The U.S. officially responded Thursday to Iraqi proposals for changes in the draft security pact that would keep American troops here for three more years.
A top Iraqi official said the U.S. accepted some proposals and rejected others, presumably an Iraqi demand for expanded legal control over U.S. soldiers. The official would not elaborate and spoke on condition of anonymity because he was not authorized to talk to the media.
Government spokesman Ali al-Dabbagh told The Associated Press that the response had been received but gave no further details and declined to characterize the U.S. reply.
U.S. Embassy spokeswoman Susan Ziadeh confirmed the report but did not give details.
But another top Iraqi official said the U.S. accepted some proposals and rejected others, presumably an Iraqi demand for expanded legal control over U.S. soldiers. The official would not elaborate and spoke on condition of anonymity because he was not authorized to talk to the media.
Another official said the written response was sent to Prime Minister Nouri al-Maliki, who was studying it. The official spoke on condition of anonymity for the same reason.
Iraq sought changes
The Iraqi Cabinet asked for the changes Oct. 21. In addition to expanded legal jurisdiction, the changes include a ban on the use of Iraqi territory to launch attacks against neighboring countries, effectively rule out any extension of the U.S. military presence beyond the end of 2011 and allow Iraqis to inspect U.S. military shipments in and out of Iraq.
Iraq officials have said U.S. diplomats appeared willing to make the changes except for expanded legal jurisdiction.
The Iraqis had urged the U.S. to show flexibility on that issue, which would open the door to expanded prosecution by Iraqi courts of major crimes committed by soldiers off post and off duty.
The U.S. has insisted on the exclusive right to prosecute its own soldiers and Pentagon contractors for offenses here, including killing Iraqi civilians.
Favoring an Iraqi role
Public opinion here, however, favors an Iraqi role. Although numerous U.S. soldiers have been prosecuted in military courts for offenses committed in Iraq, many Iraqis see the issue as a fundamental right of national sovereignty.

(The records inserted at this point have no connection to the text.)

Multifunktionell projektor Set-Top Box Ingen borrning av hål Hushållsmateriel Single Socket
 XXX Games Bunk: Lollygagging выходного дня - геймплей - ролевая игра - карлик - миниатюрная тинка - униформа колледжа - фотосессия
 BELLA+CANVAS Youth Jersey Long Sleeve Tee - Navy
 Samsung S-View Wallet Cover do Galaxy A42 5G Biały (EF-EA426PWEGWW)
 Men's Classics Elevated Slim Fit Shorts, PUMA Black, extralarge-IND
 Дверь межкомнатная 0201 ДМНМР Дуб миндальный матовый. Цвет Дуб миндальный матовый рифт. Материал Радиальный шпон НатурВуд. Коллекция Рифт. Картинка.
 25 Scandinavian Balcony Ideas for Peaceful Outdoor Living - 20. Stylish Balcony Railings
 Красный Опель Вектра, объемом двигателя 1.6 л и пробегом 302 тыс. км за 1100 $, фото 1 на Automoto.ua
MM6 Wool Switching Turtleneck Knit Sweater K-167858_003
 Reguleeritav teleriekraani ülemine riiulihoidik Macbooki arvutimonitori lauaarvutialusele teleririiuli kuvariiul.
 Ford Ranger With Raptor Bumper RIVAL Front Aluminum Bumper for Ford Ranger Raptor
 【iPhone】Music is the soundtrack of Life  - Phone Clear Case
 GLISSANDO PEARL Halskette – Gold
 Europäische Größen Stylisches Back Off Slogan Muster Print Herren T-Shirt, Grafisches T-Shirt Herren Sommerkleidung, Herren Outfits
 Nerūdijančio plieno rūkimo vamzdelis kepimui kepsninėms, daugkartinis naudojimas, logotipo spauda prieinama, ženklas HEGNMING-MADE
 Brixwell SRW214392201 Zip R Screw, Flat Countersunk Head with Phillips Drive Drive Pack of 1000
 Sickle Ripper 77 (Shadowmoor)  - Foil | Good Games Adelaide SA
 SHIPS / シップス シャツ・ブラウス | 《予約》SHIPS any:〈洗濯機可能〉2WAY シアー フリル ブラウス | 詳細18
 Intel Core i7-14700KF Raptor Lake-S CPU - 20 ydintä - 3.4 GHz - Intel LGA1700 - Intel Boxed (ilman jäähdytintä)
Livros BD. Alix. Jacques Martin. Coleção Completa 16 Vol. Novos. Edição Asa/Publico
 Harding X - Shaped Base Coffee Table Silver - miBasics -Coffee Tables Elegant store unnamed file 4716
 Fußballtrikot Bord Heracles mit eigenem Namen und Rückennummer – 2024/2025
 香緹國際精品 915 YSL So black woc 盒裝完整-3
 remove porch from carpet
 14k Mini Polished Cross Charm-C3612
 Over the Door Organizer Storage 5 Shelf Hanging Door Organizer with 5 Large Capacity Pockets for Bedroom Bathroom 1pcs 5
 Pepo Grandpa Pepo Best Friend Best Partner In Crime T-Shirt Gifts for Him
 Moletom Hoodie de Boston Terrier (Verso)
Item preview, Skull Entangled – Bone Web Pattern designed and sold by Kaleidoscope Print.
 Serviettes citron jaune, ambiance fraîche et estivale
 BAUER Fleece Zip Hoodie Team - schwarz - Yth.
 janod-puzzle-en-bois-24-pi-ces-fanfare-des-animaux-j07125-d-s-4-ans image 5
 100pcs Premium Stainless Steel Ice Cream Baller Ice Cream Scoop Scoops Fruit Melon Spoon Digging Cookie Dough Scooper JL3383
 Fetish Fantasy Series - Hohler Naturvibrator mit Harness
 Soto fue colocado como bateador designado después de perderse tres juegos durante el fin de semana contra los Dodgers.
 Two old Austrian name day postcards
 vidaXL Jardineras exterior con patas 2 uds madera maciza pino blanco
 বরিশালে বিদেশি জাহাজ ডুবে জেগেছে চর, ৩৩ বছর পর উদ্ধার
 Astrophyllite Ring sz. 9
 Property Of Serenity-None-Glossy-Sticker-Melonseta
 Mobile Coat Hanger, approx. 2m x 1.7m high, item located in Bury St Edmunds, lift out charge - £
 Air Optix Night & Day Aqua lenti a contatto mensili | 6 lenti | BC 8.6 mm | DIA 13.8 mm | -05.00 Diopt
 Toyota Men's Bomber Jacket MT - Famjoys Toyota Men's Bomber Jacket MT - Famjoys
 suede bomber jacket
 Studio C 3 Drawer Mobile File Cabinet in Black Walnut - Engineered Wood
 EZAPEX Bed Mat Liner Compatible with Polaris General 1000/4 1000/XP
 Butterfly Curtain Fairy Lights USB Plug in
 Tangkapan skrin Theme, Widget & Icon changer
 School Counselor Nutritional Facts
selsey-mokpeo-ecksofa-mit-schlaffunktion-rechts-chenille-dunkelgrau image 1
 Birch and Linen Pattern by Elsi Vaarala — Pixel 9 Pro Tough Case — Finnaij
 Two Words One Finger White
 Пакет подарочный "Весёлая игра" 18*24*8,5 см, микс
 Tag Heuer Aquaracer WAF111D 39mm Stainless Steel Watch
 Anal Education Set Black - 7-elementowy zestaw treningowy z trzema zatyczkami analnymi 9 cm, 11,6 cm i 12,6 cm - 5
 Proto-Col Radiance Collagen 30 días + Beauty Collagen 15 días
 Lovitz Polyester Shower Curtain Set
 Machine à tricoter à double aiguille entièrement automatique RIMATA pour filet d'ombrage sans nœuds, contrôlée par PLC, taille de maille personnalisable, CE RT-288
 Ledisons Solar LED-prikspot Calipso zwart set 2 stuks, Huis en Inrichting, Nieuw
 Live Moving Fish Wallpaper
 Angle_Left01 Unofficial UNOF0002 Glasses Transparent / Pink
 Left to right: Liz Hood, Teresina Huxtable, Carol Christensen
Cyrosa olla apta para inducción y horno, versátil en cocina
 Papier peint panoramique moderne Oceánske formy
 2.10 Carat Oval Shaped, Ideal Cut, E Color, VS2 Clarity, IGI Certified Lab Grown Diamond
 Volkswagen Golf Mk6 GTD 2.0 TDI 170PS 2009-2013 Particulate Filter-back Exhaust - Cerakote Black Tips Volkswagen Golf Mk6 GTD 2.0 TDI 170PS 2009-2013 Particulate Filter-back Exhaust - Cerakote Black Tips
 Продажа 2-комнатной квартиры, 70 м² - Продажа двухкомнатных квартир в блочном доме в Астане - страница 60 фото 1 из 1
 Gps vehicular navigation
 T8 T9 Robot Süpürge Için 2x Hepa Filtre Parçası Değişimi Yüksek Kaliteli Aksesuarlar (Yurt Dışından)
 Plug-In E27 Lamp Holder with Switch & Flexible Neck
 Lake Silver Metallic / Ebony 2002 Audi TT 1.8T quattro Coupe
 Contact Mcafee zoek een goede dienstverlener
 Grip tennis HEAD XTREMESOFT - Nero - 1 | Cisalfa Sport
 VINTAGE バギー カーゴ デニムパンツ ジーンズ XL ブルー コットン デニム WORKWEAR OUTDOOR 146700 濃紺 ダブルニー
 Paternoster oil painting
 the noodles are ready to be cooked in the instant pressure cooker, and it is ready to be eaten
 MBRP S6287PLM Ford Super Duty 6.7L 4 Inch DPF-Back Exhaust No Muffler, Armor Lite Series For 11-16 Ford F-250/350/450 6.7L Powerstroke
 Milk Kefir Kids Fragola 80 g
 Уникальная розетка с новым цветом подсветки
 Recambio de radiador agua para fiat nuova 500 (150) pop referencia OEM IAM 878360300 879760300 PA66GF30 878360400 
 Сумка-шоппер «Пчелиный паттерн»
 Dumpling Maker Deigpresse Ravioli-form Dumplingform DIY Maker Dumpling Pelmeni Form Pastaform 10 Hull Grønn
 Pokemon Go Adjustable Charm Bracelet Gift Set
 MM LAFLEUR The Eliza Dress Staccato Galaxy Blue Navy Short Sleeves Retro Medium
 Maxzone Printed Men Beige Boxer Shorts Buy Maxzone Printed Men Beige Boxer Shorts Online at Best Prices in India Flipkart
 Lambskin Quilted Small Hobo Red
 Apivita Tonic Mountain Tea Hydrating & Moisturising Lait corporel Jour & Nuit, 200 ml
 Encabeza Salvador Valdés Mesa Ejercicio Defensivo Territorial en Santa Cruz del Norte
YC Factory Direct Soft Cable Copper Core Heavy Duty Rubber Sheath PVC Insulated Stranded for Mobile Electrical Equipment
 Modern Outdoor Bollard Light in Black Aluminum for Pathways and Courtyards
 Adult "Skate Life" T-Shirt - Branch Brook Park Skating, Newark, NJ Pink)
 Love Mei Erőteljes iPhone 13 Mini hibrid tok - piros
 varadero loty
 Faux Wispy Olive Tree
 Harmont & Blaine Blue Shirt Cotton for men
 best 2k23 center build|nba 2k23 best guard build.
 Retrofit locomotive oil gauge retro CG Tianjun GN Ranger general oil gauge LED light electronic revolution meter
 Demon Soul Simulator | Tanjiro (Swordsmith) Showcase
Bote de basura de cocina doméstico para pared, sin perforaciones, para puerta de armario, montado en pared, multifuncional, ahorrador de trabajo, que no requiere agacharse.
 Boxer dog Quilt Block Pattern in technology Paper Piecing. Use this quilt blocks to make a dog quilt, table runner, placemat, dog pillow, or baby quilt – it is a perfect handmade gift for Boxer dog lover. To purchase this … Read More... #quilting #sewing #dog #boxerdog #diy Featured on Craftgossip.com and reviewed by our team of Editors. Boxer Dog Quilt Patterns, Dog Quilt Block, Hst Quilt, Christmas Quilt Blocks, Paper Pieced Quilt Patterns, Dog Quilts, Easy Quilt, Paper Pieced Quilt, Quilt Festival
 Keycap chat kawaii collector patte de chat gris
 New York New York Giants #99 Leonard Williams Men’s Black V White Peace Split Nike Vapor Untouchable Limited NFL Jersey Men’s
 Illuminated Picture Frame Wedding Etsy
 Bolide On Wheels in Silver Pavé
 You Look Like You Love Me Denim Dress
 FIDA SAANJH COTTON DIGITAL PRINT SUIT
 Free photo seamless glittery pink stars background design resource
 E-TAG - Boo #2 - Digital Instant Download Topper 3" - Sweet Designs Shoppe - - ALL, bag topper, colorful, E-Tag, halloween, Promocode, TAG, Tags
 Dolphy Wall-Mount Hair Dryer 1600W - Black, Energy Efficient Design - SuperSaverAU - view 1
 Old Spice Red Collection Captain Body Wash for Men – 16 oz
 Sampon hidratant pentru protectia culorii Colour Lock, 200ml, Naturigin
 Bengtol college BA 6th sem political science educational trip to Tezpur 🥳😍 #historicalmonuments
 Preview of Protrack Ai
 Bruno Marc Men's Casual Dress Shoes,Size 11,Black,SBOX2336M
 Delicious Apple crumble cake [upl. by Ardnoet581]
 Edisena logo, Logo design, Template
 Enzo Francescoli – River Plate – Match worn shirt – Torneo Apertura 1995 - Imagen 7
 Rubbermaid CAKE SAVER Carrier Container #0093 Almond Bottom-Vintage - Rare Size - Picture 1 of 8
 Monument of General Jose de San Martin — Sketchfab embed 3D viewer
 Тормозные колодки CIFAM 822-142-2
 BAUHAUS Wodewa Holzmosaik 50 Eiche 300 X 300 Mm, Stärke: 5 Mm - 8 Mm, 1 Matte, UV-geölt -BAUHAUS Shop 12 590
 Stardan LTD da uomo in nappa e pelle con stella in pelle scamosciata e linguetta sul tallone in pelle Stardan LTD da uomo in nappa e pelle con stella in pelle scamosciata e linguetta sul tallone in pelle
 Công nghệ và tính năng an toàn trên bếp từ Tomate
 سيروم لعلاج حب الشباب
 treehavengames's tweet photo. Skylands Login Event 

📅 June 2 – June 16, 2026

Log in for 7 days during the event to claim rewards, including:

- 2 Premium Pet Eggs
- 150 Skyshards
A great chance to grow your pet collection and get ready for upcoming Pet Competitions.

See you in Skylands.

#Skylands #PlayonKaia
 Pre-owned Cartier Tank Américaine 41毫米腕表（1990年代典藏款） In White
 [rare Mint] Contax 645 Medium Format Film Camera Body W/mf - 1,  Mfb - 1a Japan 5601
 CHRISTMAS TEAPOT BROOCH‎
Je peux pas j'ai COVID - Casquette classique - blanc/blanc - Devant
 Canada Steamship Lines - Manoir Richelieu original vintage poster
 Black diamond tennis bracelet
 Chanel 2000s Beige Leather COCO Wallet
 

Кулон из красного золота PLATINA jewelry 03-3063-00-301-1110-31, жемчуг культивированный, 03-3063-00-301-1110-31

"If the security agreement doesn't stipulate that U.S. soldiers can be prosecuted under Iraqi law, it will be useless," said Salih Hamid, a Baghdad engineer. "Any U.S. soldier should be punished under Iraqi law if he committed a crime inside Iraqi territories."
Iraq's parliament must approve the deal before the U.N. mandate that governs U.S. operations in Iraq expires at the end of the year.
Without an agreement or a new mandate, the U.S. would have to suspend all military operations in Iraq.